The Center and most of the over 30 large corporations surveyed by the Center believe that, rather than focusing on any one design element in isolation, any bill must be evaluated as a whole, especially in minimizing the costs to covered entities and the economy.  The issue is raised by a design question not specifically mentioned in the White Paper: the concept of a “safety valve.”  Under a safety valve provision, exemplified by the recommendation of the National Commission on Energy Policy (NCEP), covered entities would be allowed to pay the implementing agency a specified amount per ton of GHG instead of submitting emissions allowances, thus capping the cost per ton at the specified “safety valve” level.  In fact, a safety valve is only one tool for providing cost containment.  Moreover, it is one that could limit environmental effectiveness of the program and present complications for linking to other trading programs (as discussed in response to Question 3).  A GHG cap-and-trade program can be designed to minimize costs using a variety of other approaches:

  • selection of moderate targets and timetable;
  • advanced notice of policy;
  • banking of allowances and offsets;
  • borrowing of allowances;
  • staggering compliance deadlines;
  • extending compliance deadlines;
  • providing consumer dividends (payments made to energy consumers to compensate them for any increased energy costs);
  • providing relief for individual emitters;
  • inclusion of offsets;
  • linkage with other trading systems; and
  • complementary policies that drive energy efficiency and technological innovation

Additionally, low price caps act as a tax.  Taxes have been shown to be fairly ineffective in the short term at eliciting significant results. (See attached chart on cost containment mechanisms.)
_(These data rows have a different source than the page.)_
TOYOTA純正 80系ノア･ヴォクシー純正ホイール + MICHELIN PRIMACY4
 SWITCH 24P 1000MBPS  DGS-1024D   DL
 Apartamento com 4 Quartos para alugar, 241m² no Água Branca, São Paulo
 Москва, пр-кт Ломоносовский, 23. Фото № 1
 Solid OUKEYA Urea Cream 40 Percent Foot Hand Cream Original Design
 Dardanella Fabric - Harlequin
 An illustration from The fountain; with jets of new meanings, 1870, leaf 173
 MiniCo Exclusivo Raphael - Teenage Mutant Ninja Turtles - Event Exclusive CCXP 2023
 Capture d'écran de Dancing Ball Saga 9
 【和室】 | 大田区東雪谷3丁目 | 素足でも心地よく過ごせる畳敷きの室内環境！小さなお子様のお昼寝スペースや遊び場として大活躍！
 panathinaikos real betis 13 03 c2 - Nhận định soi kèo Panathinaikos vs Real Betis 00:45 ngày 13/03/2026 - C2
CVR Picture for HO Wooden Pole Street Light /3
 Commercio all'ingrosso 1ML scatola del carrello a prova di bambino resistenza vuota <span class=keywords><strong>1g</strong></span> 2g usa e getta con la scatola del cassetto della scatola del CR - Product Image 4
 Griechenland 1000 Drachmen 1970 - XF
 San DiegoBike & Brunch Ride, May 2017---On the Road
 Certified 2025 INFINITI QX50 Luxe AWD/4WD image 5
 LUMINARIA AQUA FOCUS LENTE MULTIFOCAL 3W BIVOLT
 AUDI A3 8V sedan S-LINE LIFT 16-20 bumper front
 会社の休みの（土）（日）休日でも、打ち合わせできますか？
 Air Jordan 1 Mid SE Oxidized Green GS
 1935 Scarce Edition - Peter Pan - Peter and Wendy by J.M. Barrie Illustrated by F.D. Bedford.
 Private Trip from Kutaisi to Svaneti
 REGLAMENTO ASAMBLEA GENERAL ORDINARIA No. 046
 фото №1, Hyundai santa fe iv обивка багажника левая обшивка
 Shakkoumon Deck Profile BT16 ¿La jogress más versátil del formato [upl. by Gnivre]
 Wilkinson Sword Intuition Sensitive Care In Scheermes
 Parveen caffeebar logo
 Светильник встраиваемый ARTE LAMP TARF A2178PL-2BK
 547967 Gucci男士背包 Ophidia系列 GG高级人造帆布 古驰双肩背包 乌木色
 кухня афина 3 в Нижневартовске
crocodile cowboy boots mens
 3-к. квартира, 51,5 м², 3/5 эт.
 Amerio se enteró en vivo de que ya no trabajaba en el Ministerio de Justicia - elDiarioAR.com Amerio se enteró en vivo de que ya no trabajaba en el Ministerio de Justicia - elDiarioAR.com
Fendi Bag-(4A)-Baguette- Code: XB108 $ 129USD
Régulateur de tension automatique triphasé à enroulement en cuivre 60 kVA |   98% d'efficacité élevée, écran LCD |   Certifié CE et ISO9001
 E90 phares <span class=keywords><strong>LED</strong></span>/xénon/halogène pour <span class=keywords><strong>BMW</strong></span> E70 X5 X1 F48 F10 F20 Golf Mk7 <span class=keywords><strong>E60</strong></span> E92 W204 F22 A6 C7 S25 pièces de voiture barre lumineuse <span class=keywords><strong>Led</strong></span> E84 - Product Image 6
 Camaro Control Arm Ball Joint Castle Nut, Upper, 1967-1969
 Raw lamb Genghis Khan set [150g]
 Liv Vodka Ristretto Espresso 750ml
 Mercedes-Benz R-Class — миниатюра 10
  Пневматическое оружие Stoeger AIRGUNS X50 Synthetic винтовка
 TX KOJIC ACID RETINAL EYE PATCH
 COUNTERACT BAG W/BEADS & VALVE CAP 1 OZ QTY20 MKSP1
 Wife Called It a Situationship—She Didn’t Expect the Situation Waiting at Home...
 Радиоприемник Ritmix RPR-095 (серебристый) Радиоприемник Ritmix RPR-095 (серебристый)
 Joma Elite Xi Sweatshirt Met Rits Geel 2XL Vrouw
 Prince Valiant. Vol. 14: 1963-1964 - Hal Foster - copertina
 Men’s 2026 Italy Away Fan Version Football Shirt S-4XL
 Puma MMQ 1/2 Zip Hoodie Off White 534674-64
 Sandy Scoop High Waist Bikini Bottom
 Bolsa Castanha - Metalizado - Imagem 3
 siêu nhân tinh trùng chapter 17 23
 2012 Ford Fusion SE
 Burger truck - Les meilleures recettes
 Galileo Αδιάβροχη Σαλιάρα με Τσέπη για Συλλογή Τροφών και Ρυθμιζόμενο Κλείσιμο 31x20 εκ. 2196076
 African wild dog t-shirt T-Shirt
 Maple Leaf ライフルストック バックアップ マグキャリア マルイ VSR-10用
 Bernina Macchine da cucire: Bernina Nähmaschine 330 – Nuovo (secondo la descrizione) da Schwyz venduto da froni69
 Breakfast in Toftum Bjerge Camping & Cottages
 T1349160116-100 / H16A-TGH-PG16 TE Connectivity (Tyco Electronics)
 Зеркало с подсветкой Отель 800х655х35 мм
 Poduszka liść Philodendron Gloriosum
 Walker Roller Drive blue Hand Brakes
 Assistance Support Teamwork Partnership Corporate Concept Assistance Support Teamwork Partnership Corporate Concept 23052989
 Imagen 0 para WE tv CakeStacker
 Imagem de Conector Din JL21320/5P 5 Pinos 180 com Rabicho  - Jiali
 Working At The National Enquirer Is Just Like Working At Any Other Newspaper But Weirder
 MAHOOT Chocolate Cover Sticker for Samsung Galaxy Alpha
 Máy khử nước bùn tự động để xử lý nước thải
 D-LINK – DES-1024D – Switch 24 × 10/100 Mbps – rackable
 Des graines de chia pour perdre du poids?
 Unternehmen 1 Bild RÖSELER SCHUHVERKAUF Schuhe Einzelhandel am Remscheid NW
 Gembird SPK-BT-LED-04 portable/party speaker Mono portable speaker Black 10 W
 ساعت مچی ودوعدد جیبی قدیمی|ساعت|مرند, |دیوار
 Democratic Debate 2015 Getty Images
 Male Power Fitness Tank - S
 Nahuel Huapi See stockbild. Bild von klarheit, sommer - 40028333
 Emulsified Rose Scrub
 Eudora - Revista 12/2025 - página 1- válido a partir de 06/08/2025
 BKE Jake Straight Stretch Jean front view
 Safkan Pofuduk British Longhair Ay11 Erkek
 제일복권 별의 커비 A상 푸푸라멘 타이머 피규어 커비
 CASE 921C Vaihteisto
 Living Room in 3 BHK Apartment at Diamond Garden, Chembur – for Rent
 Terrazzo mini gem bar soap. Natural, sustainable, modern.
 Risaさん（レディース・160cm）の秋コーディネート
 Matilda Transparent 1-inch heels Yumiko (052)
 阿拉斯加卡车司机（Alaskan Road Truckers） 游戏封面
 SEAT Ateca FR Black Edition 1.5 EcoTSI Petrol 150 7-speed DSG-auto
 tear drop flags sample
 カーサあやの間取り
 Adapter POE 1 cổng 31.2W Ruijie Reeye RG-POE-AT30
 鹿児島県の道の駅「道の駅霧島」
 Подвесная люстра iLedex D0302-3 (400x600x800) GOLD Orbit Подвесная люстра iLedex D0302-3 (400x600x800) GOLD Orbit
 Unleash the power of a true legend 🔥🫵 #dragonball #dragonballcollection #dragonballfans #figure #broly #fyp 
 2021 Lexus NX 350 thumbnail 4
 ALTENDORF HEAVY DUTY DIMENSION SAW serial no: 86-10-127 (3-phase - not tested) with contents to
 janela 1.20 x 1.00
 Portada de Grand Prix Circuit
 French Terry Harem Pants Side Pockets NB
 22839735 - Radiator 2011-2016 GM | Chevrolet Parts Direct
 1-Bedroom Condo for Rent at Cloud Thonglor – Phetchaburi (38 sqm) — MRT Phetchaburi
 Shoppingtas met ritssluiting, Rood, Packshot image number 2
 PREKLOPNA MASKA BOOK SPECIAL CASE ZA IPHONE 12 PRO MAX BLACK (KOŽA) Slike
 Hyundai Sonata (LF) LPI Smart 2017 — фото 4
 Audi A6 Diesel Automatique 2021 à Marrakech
The companies surveyed by us hold a wide range of opinions about the policy benefits of a safety valve, though most say that a safety valve may be politically necessary. Of companies that favor a safety valve, or at least think it might be politically necessary, several note that $7/ton of CO2 (the initial level recommended by NCEP) is too low to achieve significant emissions reductions or to drive market-based transition to a wide range of low-carbon technologies. If a safety valve is used, it should be set high enough to encourage meaningful change. For instance, integrated gasification combined cycle (IGCC) coal or supercritical pulverized coal electric power generation combined with carbon capture and sequestration (CCS) may only become economically viable on a self-sustaining basis (without continued government subsidy) with CO2 values at or above $25-35 per ton. This does not necessarily mean the safety valve should be set immediately at $25-$35 per ton. Rather, the starting point and growth curve of the safety valve must be such that the net present value of paying it will be more than what companies project will be that of investment in IGCC-CCS.

One company notes that mere inclusion of some reasonable cost limit may be more important for getting legislation enacted than the limit’s specific level. The presence of a safety valve, even at a high dollar level, could undercut assertions that GHG regulation will bring about the “end of the economy,” since it would remove from consideration the modeling results that posit extreme cases of unlimited cost. Another company notes that, when GHG regulation is viewed as inevitable and may affect upstream energy producers, financial structuring for large new oil and gas production projects may not be possible without a price cap, since otherwise these projects would involve a large unknown liability that constrains equity value and cash flows.

A few companies opposea safety valve altogether because of its distortionary effect on the market, or only favor a safety valve with a sunset clause. Companies express concern that a safety valve would complicate linkage between the U.S. carbon trading market and the cap-and-trade programs of other countries, which likely would increase the cost of U.S. reductions and reduce the economic efficiency of the system. Some companies point out that the market, left to develop without interference, will develop a range of financial products and services that provide cost certainty to firms but are less distortionary than safety valves. Under a mature carbon emissions trading market with adequate certainty about cap levels beyond the short term, financial services firms will offer hedging products such as forward call options that allow companies to lock in a maximum cost.